I've made an implementation of that in the TGlyphCursorUtf8 class of BGRAUTF8 unit. There are still things it doesn't handle, for example I know there are some Indian letters that are supposed to merge together.

More explanations there:
https://forum.lazarus.freepascal.org/index.php/topic,49750.msg361630.html#msg361630
Conscience is the debugger of the mind

Bogen85

  • Hero Member
  • *****
  • Posts: 685
Re: more UTF8 confusing
« Reply #16 on: February 05, 2023, 12:44:39 am »
Utf8CodePointLen and it's max look ahead are very poorly named.

The max look ahead is not a max... It is more of a max allowed for diacritical markers that need be combined with the base code point.

And it is not a single code point size...

It is the size of the base code point in bytes plus all the sizes of the diacritical marker points to be combined into the final displayed character.

To be honest, I stumbled across OP lazer's solution by accident, that was not the problem I was trying to solve originally for myself.
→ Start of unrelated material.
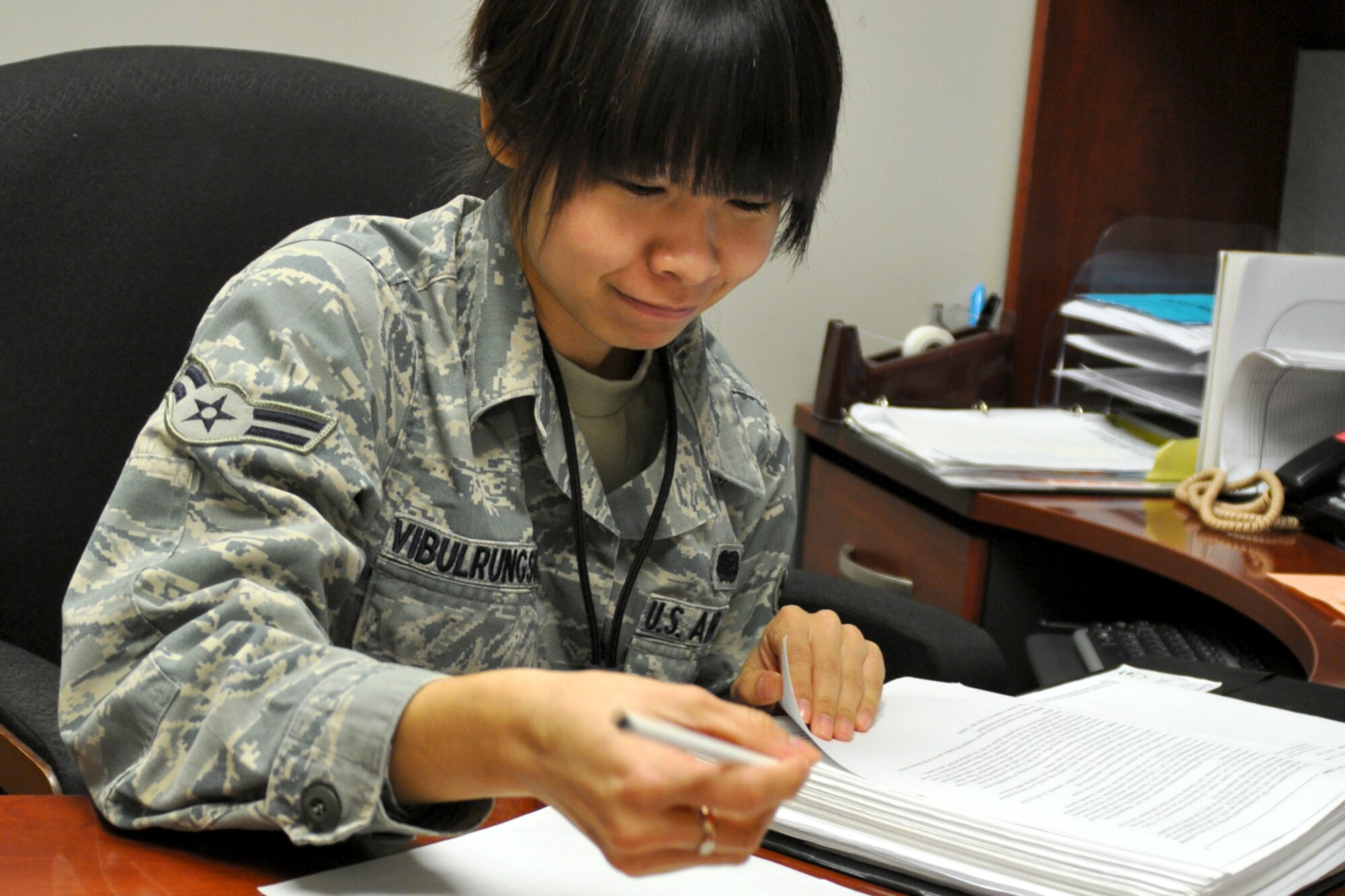 Airman 1st Class Nawarat Vibulrungsun, an information management helper for the 917th Wing Mission Support Group on Barksdale Air Force Base, La., reads through training materials during her Unit Training Assembly (UTA) weekend. Airman Vibulrungsun’s training covers many different areas. From something as simple as an inventory of materials to building a computer from the ground up, she must familiarize herself with it all. (U.S. Air Force Photo/ Senior Airman Crystal Marie Jordan)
I was just wanting to use a function that was not part of Lazarus, saw that the IncludeCombiningDiacriticalMarks parameter, looked those up as I'd never heard of them (I mean in the unicode sense, of course I'd seen them on character glyphs), and fiddled with it until I got them working by setting MaxLookAhead high enough....

I was just looking for a function to return the number of bytes in the code point, and nothing more...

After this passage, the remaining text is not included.